Set in 18th-century Paris, the story concerns one Marchioness Merteuil (Sarah Barron), who asks her former lover Viscount Valmont (Adam Cooper) to seduce and take the virginity of Cecile (Helen Dixon), the fiancee of Count Gercourt (Richard Curto), by whom she has recently been ditched. To add to the steamy stew, the enchantress Merteuil naughtily also asks Valmont to seduce the faithful and morally upright Madam Tourvel (Sarah Wildor) — just, it seems, to confirm that in matters carnal all women are as vulnerable as she herself.

As a reward, if he succeeds in both beddings, Merteuil promises Valmont a night of passion beyond his wildest dreams. What scheming Merteuil hadn’t bargained for, though, was that Valmont would fall head over heels in love with Tourvel . . . an unforeseen liaison that would have tragic consequences all round.

At an advance press conference in Tokyo, Cooper said that with this production he wanted to create a completely original and new type of ballet — one that he even said may not be categorized as ballet at all. This, he said, was because to understand ballet, audiences need some kind of special knowledge about its forms of expression, whereas with his “Les Liaisons Dangereuses” he wanted “to offer an entertainment accessible to all that told of scandals and unbalanced relationships taking place beneath a veneer of elegant gentility.”
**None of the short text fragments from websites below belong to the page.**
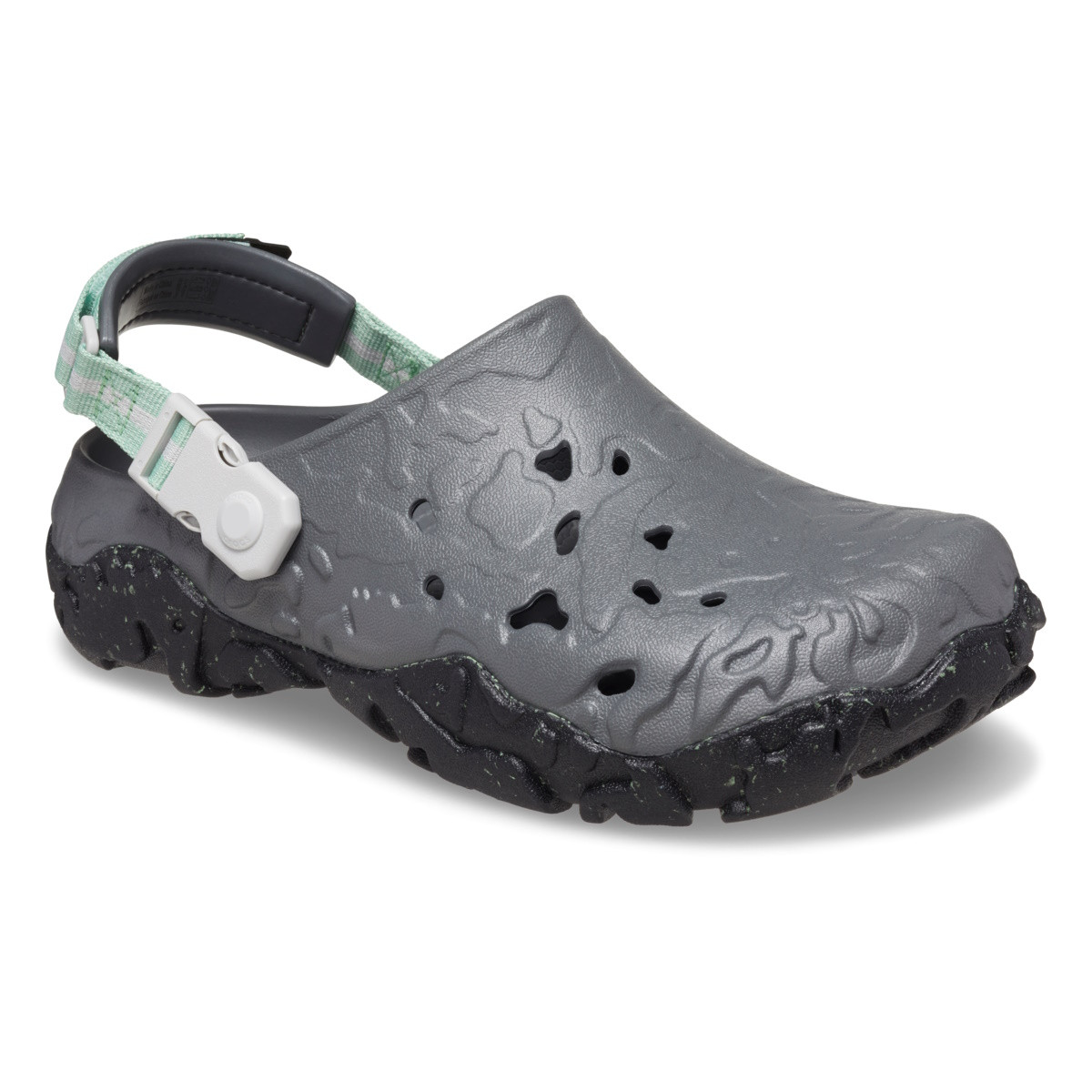 Saboti Crocs All Terrain Atlas Clog Gri - Slate Grey - 1 | YEO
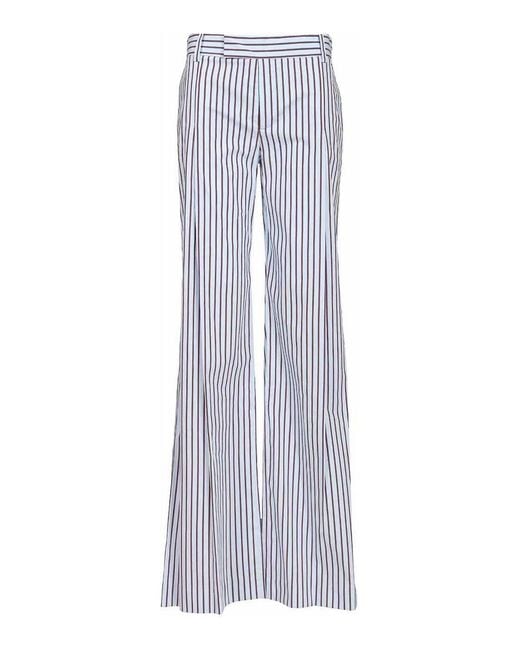 FEDERICA TOSI Multicolor Classic Trousers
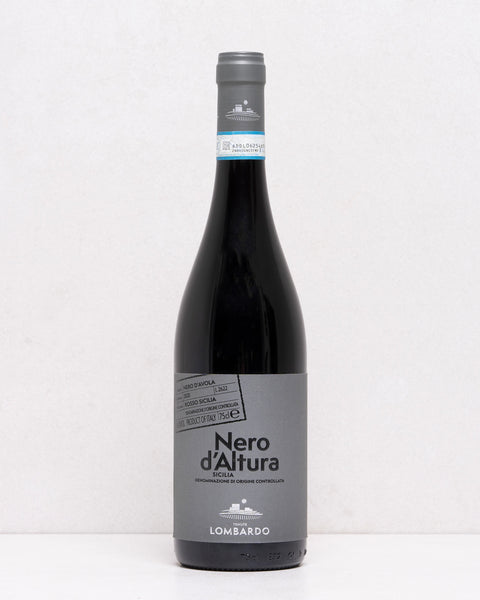 Nero d'Altura, Tenuta Lombardo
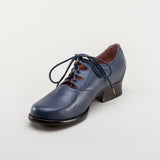 Ghillie Vintage Lace-Up Shoes (Navy)
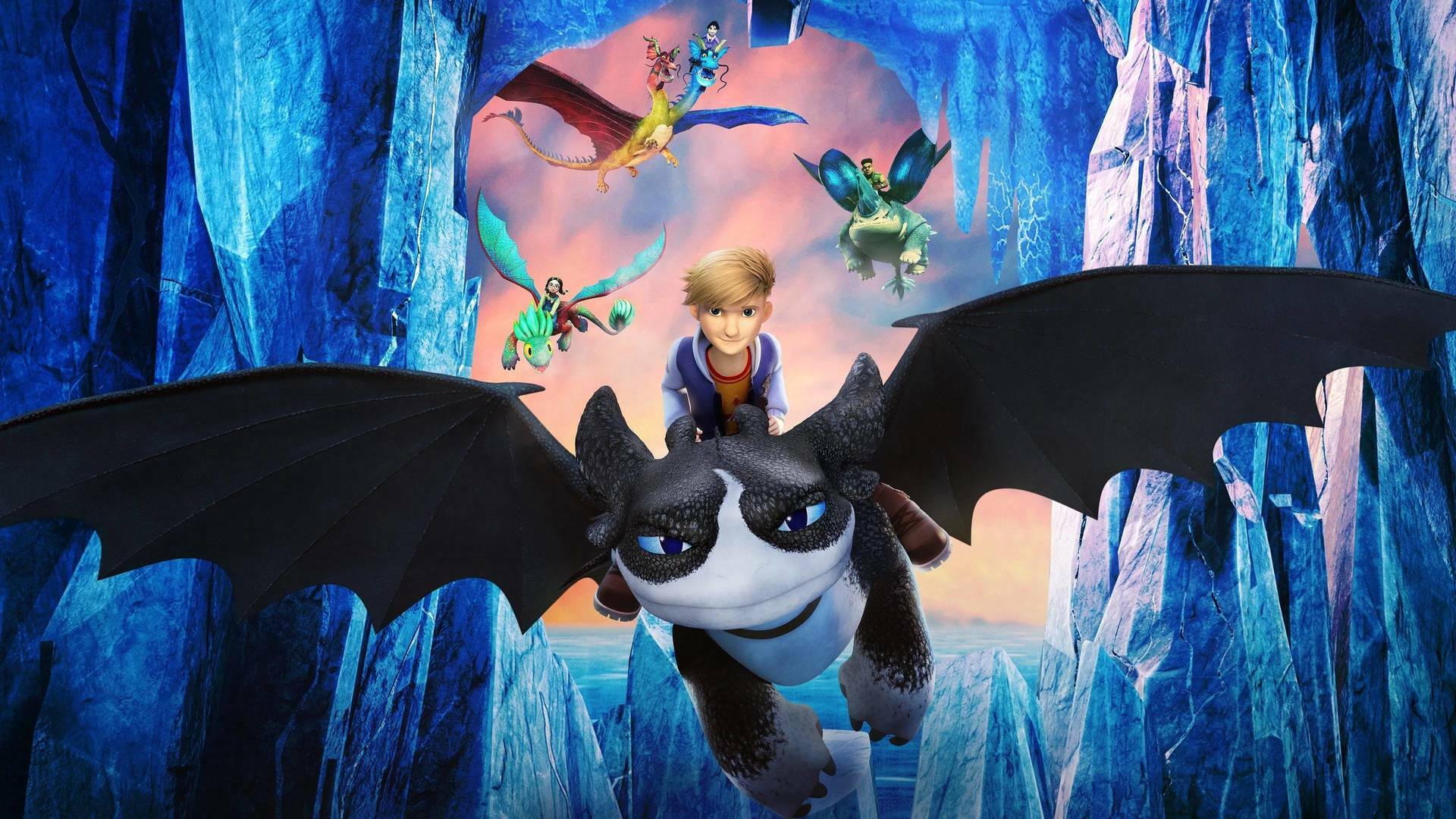 Dragones: Los... (T2): Seguid los rayos: Parte 2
From the start onstage, the veneer is very much in evidence, as, behind a shimmering white sheer curtain, masked dancers come and go like ghosts from the past. Then the scene moves to a room in a gorgeous 18th-century French chateau that Brotherston modelled on the Hall of Mirrors at Versailles. But it is a mirrored room in which the mirrors at times become transparent to allow the audience a glimpse of what is hidden in the dark workings of the human heart. It is not just the sets, with all reflective surfaces, golden frescoes, period sofas etc., that dazzle the eye here, but also the gorgeous costumes, especially a provocative orange dress worn by Merteuil, a virtuous and delicate black-lace one worn by Tourvel and — outstandingly — the luscious black leather dinner jacket and shamelessly sexy leather pants in which Valmont struts his stuff.

Beyond all this, though, the key to this production’s memorable success is its casting. It feels as though the story has been written precisely for each of these dancers, and their personalities fit their roles perfectly — none more so than Barron’s devastating femme fatale and Cooper’s Don Juan-like ladykiller (a role that he said shows that bad people can be interesting, attractive and positive, too.) Apart from a few operetta snippets from Valmont’s aunt, Madame Rosemonde (Marilyn Cutts), here Cooper lets his and his cast’s graceful, dancing alone tell the story and express the characters’ emotions — nowhere to greater effect than when Cooper himself performs a virtual striptease in the course of deflowering Cecile, perfectly representing men’s insolence and sense of superiority through, in particular, the haughty way he moves his legs and toes. If a stretched leg or curled foot could be more erotic, this critic has yet to see it.

At the press conference, Cooper declared, “For Japanese audiences, I wanted to deliver something they’ve never seen before, and also I wanted to make a production that was accessible to everybody.” He has surely succeeded. It is a great privilege for Japan to host the world premiere of such a tour de force of avant-garde European aesthetics, a privilege, Cooper said, that he bestowed to recognize the loyalty of his supporters in a country he feels is a kind of second home.